# EXCERPTED RECORDS:
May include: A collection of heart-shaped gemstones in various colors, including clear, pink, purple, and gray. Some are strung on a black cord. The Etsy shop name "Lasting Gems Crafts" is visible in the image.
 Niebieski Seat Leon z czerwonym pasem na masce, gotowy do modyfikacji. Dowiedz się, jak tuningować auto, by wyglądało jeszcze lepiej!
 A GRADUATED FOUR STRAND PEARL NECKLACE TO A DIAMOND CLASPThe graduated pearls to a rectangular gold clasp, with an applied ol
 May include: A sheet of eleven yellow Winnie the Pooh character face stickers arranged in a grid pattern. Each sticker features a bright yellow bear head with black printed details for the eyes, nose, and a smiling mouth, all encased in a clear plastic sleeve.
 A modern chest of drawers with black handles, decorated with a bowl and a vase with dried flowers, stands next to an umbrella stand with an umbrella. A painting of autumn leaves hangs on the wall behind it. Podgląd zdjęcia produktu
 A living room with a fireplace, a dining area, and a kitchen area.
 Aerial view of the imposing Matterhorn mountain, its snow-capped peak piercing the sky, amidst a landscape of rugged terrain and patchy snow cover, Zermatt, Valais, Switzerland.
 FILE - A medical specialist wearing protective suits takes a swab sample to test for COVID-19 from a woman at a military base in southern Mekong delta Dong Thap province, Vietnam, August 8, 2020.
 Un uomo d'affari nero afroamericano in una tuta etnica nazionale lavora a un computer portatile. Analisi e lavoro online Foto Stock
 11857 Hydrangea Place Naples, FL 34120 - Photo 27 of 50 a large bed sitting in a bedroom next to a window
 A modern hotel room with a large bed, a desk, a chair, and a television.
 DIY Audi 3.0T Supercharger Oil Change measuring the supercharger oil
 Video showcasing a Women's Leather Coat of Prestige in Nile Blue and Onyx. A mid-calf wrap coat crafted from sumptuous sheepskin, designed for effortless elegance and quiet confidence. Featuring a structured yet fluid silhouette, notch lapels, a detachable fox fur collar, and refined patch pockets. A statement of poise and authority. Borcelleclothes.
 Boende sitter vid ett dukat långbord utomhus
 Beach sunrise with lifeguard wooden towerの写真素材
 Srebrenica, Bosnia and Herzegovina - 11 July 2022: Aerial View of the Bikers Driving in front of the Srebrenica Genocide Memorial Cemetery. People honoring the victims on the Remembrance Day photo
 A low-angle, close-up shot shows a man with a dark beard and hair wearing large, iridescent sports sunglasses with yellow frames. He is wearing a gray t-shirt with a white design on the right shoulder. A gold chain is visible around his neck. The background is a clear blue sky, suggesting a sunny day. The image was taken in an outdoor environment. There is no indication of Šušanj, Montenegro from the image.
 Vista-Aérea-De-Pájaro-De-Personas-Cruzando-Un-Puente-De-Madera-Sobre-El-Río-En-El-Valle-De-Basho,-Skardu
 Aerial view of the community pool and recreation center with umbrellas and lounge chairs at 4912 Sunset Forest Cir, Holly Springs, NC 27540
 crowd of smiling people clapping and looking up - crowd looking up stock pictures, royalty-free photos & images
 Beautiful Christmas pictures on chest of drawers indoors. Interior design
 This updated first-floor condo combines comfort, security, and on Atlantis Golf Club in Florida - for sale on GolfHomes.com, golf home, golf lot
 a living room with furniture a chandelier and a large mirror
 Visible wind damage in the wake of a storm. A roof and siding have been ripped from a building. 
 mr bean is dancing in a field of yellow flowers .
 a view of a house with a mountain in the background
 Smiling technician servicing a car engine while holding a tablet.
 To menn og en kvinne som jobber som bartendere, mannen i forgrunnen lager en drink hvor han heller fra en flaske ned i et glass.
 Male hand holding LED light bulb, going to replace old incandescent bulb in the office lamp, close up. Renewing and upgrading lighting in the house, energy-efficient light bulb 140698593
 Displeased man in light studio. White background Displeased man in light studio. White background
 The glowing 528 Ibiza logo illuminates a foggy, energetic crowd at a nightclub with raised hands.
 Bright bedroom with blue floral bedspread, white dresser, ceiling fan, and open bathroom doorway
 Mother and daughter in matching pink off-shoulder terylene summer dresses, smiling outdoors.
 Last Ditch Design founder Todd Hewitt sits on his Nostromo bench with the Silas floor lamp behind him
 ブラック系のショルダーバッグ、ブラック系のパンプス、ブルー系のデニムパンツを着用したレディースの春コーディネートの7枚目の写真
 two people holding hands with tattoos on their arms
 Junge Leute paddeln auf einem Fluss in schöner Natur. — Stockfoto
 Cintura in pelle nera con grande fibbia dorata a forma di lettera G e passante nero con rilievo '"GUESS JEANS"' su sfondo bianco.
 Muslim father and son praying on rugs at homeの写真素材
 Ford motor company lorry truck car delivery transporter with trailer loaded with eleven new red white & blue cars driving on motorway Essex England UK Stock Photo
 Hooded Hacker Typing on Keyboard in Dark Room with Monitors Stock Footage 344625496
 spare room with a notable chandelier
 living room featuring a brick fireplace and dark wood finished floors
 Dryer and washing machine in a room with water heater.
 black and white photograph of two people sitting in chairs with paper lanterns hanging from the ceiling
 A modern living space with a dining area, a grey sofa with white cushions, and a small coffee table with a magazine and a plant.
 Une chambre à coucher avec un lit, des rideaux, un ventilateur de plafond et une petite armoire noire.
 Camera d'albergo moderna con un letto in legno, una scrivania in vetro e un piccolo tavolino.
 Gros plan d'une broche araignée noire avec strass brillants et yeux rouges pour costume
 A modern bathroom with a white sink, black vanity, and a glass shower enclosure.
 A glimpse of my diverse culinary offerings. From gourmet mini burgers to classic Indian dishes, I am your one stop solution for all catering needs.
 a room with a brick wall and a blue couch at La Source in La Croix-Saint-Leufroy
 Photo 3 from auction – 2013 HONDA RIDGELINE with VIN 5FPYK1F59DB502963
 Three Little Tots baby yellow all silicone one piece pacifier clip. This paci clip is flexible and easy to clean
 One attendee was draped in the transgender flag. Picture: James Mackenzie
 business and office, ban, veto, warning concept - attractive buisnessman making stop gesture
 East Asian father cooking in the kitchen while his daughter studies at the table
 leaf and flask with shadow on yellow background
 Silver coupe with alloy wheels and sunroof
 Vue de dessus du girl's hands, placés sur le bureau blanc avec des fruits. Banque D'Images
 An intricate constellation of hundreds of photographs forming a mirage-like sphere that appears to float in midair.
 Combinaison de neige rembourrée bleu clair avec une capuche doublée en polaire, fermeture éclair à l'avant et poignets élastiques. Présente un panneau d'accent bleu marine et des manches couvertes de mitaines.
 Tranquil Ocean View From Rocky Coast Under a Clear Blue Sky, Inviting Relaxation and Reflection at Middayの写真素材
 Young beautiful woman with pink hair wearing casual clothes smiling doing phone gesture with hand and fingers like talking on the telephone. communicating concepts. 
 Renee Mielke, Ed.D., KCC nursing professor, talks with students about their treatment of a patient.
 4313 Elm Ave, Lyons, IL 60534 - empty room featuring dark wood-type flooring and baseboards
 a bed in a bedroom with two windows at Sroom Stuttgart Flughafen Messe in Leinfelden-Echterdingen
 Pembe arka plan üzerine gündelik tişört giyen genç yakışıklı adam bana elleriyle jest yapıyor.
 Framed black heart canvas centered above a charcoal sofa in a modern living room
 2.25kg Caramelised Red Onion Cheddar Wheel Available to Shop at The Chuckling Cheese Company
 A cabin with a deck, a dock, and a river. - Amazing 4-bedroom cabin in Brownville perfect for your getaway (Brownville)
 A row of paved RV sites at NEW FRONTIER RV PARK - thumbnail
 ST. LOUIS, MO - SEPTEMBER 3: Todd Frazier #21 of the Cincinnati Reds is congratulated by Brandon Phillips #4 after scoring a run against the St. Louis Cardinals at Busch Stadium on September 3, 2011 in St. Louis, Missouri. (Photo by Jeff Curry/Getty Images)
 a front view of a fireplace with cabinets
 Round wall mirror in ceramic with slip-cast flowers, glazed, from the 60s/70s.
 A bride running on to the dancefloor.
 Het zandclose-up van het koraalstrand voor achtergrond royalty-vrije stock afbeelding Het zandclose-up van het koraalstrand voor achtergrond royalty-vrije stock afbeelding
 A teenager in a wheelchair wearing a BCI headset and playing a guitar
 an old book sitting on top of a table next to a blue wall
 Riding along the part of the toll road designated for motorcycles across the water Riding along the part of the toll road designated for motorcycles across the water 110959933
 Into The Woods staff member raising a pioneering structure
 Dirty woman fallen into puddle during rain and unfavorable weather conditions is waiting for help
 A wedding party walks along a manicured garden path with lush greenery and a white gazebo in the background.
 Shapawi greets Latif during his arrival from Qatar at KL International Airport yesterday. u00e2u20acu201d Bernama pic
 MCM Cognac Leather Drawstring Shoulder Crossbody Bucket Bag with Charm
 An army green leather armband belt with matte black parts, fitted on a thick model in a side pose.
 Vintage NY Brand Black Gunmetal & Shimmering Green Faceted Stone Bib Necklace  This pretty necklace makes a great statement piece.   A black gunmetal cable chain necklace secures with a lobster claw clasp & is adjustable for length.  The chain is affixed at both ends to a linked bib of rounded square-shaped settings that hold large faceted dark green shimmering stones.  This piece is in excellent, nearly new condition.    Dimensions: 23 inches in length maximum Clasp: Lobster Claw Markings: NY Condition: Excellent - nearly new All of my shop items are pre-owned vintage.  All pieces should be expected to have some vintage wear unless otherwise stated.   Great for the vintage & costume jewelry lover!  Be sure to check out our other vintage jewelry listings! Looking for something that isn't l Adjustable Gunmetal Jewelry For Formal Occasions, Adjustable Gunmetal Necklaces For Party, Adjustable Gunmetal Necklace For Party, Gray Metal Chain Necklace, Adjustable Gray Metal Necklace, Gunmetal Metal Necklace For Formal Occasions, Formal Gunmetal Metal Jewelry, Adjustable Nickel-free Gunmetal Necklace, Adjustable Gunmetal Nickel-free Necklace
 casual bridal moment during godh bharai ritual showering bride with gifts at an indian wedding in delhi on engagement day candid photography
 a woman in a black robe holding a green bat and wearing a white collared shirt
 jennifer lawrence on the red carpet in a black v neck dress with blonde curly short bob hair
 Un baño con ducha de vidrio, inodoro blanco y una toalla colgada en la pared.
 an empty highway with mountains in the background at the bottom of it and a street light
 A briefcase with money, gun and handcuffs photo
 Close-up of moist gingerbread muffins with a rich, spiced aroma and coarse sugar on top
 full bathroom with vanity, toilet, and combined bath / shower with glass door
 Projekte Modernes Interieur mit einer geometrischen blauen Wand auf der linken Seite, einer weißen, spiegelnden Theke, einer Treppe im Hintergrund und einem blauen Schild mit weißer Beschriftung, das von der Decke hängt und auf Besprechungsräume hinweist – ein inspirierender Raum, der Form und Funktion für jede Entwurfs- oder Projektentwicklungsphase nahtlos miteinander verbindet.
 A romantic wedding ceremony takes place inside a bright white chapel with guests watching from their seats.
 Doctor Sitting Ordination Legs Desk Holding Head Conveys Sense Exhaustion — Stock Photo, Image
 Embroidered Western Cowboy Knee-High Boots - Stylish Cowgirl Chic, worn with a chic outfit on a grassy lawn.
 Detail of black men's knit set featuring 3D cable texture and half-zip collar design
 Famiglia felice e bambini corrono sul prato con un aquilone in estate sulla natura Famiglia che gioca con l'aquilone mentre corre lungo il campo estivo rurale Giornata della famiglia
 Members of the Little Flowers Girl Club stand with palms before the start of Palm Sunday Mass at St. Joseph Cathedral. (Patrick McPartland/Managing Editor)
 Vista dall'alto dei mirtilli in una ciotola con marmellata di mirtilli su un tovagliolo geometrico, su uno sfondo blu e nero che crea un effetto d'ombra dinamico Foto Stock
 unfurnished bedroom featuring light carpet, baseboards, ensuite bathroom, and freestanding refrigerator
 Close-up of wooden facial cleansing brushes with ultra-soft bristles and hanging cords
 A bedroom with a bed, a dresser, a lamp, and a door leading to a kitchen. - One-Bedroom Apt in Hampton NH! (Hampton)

# TASK DIRECTIONS:
Word for word, restate the lines of the data above that fall between the line holding "Video showcasing a" and the line holding "Srebrenica, Bosnia and", inclusive, and no other lines.

# RESPONSE FOR THIS EXERCISE:
 Video showcasing a Women's Leather Coat of Prestige in Nile Blue and Onyx. A mid-calf wrap coat crafted from sumptuous sheepskin, designed for effortless elegance and quiet confidence. Featuring a structured yet fluid silhouette, notch lapels, a detachable fox fur collar, and refined patch pockets. A statement of poise and authority. Borcelleclothes.
 Boende sitter vid ett dukat långbord utomhus
 Beach sunrise with lifeguard wooden towerの写真素材
 Srebrenica, Bosnia and Herzegovina - 11 July 2022: Aerial View of the Bikers Driving in front of the Srebrenica Genocide Memorial Cemetery. People honoring the victims on the Remembrance Day photo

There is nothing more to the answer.